Worst performers
| Investment companies | Total shareholder return % | Net asset value (NAV) total return % | Premium (- discount) % |
|---|---|---|---|
| Lindsell Train | -14 | -12 | -21 |
| Augmentum Fintech | -15 | -3 | -43 |
| JPMorgan US Smaller Companies | -15 | -11 | -7 |
| Greencoat UK Wind | -16 | 0 | -30 |
| Bluefield Solar Income | -19 | -3 | -40 |
| Ecofin US Renewables Infra ($) | -34 | -9 | -50 |
| Hydrogen Capital Growth | -37 | -60 | -60 |
| ICG-Longbow Senior Secured UK Property Debt -39 | -37 | -37 | -29 |
| Aquila Euro Renewables (€) | -41 | -27 | -38 |
| Digital 9 Infrastructure | -69 | -5 | -82 |
Source: Association of Investment Companies and Winterflood.

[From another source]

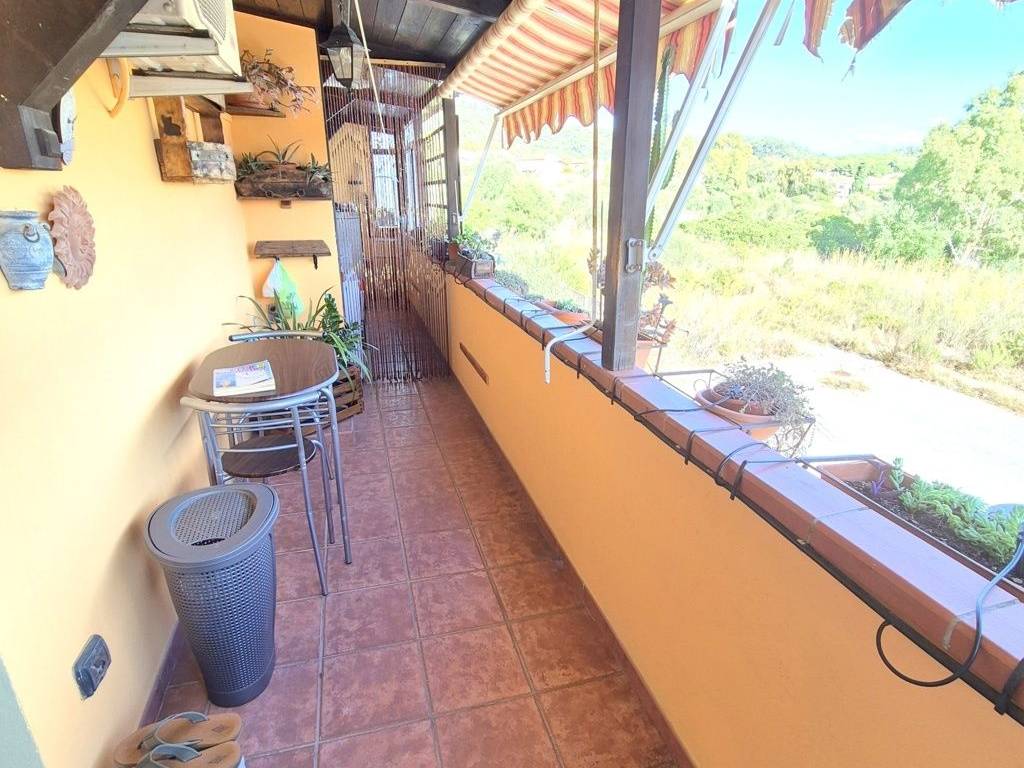 Appartamento a Carbonia in Via Dalmazia - Foto 4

Turning to the 10 worst-performing investment companies last year, it’s worth noting that the bottom five are all in managed wind-down. Tired of poor, or disappointing, returns exacerbated by wide discounts, shareholders in DGI9, AERI, LBOW, HGEN and RNEW have voted for their assets to be sold and the companies liquidated.

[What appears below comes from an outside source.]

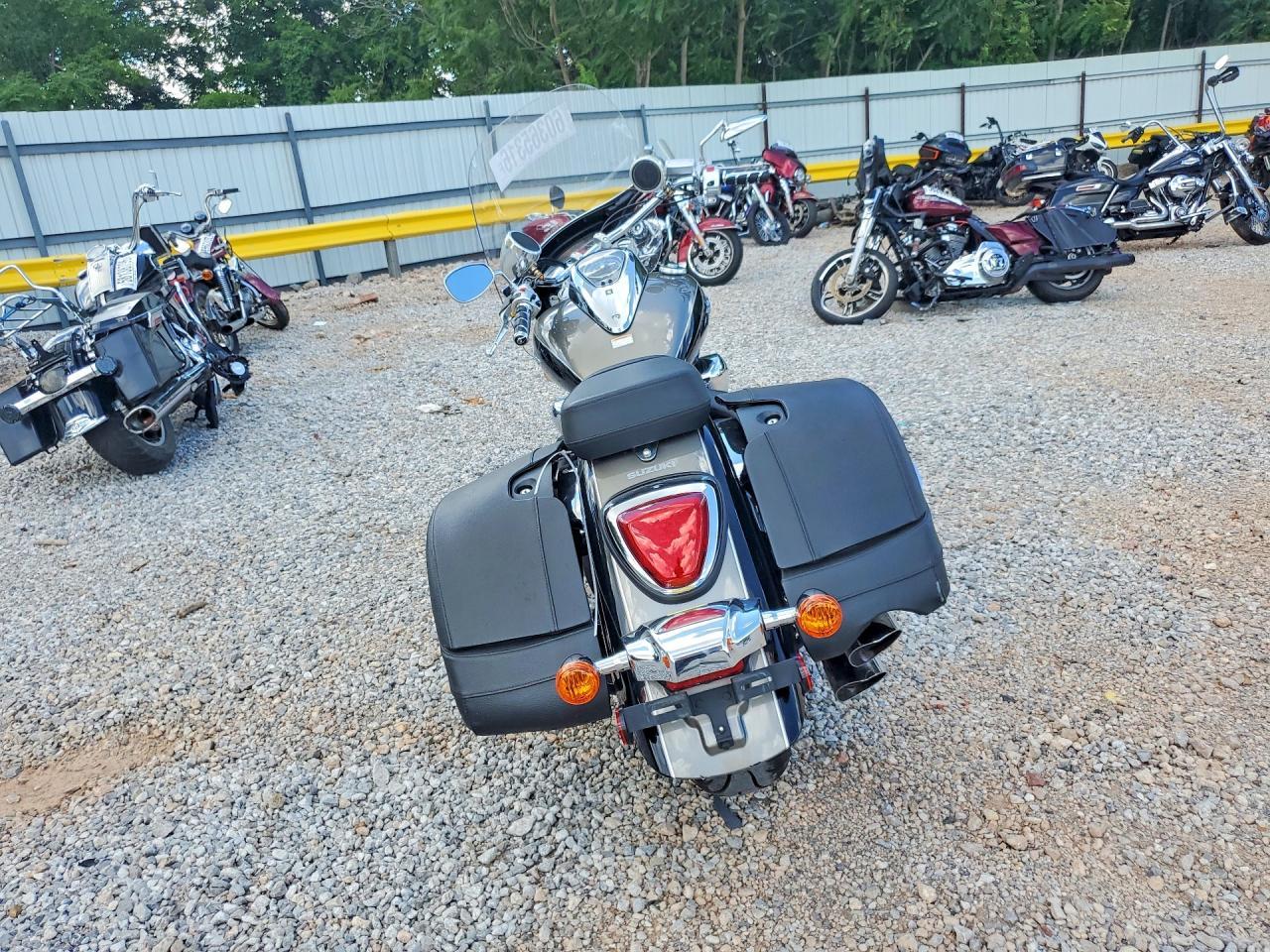 2015 Suzuki VL1500 B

The pressure on renewables funds is evident with half of our list of big fallers investing in forms of clean energy. High-yielding Bluefield Solar Income (BSIF) slid 19% last year and looks likely to exit the stock market with a strategic review launched in November after shareholders objected to a proposed merger with its fund manager.
Will big fallers turn the tide?
I wonder if the top three in our list of fallers could do better this year? Lindsell Train (LTI), the top decliner, fell 14% with the dividend included. Even including pay-outs, the shares are down 43% over five years which reflects the trust’s exposure to fund manager Nick Train’s previously successful, but out-of-favour investment approach, and its large stake in the fund firm he runs with Michael Lindsell that has suffered outflows and falls in assets under management. But is the doom and gloom priced in with the shares stuck on 21% discount? Certainly the stock has significantly derated from the 100% premium it stood on in 2021.
Poor sentiment continues to undermine Augmentum Fintech (AUGM) with the shares off 15% last year despite Winterflood data showing its portfolio of unquoted financial services companies proved stable, if unexciting, in 2025. Having avoided the big write-downs that have afflicted some other early-stage investors, AUGM has delivered a 34% underlying return in the past five years and yet its shares have dropped by a third to languish on a 43% discount. That valuation gap looks unsustainable. Something could happen to close it. Perhaps it’s already happening as the shares have rallied since early December when the company said £125m of its investments were effectively valued at nil by its share price.
Lastly, will JPMorgan US Smaller Companies (JUSC) catch a break in 2026 after its 15% decline last year? Donald Trump’s re-election in late 2024 prompted a value-style rally that left this former top-performing small-cap growth investor out in the cold, and badly lagging the market’s rebound since “Liberation Day” last April. With the company actively buying back shares, the discount has stayed relatively narrow at 7% so there isn’t a valuation gap to exploit as such, just a hunch that the market could swing back in its direction.